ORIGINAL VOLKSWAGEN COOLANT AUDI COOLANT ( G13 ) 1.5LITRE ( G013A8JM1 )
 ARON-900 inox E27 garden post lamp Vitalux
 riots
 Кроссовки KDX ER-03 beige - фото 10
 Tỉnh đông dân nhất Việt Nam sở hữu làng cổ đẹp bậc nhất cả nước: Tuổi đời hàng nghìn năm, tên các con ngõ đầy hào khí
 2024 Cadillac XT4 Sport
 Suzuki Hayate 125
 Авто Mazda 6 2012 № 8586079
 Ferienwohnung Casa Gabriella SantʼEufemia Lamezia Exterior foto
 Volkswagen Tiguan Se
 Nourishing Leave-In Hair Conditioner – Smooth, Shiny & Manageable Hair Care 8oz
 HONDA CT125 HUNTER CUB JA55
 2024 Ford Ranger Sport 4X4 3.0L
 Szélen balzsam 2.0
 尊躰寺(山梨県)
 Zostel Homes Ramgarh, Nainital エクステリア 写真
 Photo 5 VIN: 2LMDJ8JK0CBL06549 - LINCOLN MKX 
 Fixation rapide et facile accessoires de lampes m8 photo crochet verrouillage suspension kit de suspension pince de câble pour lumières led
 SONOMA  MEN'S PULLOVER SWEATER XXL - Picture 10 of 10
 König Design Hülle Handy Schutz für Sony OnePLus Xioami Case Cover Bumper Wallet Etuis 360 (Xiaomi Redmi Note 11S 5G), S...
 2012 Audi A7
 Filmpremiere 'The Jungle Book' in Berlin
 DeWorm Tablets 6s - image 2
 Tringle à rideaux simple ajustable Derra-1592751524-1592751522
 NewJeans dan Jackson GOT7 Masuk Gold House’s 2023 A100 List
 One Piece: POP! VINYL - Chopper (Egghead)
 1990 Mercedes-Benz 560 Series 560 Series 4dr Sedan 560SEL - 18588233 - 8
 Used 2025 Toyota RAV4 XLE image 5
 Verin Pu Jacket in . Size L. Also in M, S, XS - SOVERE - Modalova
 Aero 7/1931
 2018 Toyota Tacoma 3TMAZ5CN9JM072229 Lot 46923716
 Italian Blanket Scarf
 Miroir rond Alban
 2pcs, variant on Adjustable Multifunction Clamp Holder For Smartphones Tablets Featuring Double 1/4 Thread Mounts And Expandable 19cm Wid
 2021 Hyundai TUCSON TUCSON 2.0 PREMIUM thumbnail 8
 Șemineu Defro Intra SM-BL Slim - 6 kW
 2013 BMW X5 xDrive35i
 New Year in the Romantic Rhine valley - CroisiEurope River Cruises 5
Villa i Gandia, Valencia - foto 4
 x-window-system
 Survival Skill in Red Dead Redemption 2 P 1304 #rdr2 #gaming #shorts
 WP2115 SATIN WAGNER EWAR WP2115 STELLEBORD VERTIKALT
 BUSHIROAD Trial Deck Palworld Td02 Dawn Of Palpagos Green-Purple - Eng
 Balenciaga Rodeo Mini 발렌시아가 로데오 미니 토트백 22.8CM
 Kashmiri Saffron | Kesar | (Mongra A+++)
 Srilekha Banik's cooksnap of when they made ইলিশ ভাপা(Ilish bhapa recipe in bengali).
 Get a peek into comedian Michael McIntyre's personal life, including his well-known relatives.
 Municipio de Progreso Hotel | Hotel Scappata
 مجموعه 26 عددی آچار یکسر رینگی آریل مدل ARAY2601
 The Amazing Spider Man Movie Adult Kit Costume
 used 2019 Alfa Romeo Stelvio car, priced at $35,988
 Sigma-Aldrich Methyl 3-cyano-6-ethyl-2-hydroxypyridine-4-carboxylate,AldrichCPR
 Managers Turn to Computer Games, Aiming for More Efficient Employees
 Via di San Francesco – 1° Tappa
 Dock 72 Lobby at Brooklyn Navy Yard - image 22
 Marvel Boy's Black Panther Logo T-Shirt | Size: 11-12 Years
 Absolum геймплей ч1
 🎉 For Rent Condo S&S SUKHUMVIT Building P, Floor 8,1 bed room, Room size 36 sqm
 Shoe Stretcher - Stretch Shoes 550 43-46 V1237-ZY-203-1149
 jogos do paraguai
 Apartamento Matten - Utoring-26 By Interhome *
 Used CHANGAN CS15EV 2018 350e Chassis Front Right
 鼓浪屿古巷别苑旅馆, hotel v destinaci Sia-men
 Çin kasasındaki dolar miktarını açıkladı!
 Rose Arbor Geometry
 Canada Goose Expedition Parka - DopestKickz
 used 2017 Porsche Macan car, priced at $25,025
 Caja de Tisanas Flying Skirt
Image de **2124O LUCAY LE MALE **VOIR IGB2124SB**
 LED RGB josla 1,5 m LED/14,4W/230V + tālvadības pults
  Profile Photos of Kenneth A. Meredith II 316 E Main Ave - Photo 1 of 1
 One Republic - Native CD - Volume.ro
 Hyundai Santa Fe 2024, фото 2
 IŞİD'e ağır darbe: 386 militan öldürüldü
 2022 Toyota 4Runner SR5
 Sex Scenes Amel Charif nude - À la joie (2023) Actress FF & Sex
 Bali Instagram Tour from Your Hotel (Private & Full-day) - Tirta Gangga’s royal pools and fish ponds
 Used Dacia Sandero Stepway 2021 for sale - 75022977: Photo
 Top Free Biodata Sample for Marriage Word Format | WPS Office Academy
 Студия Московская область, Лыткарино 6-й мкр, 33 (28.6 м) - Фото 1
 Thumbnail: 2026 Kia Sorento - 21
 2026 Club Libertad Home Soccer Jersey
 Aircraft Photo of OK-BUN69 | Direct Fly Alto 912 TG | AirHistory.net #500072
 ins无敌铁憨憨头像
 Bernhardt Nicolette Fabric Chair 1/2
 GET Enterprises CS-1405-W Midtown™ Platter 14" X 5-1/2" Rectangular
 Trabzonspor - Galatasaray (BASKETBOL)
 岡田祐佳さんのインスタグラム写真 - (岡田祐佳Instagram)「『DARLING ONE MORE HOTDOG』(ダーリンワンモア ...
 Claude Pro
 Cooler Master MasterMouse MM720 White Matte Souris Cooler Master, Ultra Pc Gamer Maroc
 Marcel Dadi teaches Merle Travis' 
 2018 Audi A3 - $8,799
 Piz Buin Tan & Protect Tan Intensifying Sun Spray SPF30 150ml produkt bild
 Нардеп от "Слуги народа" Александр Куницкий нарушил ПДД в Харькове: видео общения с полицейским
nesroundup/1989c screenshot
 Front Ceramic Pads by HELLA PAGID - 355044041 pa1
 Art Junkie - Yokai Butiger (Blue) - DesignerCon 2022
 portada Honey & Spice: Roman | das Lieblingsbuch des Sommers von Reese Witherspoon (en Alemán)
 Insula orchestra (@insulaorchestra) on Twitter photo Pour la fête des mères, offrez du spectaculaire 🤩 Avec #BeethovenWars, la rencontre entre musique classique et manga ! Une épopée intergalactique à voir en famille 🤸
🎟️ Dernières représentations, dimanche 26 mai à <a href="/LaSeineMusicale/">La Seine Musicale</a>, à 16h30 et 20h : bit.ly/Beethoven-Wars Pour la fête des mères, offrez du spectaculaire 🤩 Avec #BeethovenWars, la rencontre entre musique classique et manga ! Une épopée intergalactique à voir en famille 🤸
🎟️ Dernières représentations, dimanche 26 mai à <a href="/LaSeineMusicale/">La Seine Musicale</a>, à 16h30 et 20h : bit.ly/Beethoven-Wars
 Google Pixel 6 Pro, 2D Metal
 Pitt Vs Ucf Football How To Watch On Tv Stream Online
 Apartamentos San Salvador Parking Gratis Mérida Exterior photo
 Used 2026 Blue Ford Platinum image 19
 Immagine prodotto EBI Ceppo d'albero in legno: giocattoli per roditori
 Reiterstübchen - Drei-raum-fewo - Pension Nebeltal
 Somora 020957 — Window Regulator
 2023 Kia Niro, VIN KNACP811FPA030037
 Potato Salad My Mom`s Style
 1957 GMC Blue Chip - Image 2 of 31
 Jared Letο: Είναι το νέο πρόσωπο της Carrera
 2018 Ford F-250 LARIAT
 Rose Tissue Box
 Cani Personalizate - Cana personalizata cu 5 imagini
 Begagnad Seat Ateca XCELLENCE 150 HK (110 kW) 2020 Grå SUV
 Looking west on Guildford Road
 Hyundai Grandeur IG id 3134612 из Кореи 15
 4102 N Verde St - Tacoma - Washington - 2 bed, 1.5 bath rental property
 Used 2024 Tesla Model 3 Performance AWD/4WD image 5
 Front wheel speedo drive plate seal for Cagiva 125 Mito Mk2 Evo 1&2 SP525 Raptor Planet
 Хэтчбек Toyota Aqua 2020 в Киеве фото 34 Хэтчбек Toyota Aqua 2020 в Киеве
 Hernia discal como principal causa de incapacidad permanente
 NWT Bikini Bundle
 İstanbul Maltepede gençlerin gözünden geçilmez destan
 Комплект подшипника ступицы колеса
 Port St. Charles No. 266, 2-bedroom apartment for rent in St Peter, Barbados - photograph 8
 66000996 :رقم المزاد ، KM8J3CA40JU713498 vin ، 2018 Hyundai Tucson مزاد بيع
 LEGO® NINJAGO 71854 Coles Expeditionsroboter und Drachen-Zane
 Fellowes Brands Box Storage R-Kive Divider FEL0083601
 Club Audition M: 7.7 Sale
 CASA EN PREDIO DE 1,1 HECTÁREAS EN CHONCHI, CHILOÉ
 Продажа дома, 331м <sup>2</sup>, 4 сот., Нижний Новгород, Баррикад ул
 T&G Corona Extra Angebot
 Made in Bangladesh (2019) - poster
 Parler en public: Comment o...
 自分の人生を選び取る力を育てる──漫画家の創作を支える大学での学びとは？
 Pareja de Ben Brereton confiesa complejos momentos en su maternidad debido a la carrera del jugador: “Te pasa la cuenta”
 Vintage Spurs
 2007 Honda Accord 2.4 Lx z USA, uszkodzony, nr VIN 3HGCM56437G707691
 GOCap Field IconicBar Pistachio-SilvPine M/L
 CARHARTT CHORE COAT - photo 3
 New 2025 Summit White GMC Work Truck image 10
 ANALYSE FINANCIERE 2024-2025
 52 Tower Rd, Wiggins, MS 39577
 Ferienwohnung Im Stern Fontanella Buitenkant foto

## Required work
Return, with no change at all, every line in the entries above from the line containing "Balenciaga Rodeo Mini" through the line containing "Absolum геймплей ч1".

## Exercise result
 Balenciaga Rodeo Mini 발렌시아가 로데오 미니 토트백 22.8CM
 Kashmiri Saffron | Kesar | (Mongra A+++)
 Srilekha Banik's cooksnap of when they made ইলিশ ভাপা(Ilish bhapa recipe in bengali).
 Get a peek into comedian Michael McIntyre's personal life, including his well-known relatives.
 Municipio de Progreso Hotel | Hotel Scappata
 مجموعه 26 عددی آچار یکسر رینگی آریل مدل ARAY2601
 The Amazing Spider Man Movie Adult Kit Costume
 used 2019 Alfa Romeo Stelvio car, priced at $35,988
 Sigma-Aldrich Methyl 3-cyano-6-ethyl-2-hydroxypyridine-4-carboxylate,AldrichCPR
 Managers Turn to Computer Games, Aiming for More Efficient Employees
 Via di San Francesco – 1° Tappa
 Dock 72 Lobby at Brooklyn Navy Yard - image 22
 Marvel Boy's Black Panther Logo T-Shirt | Size: 11-12 Years
 Absolum геймплей ч1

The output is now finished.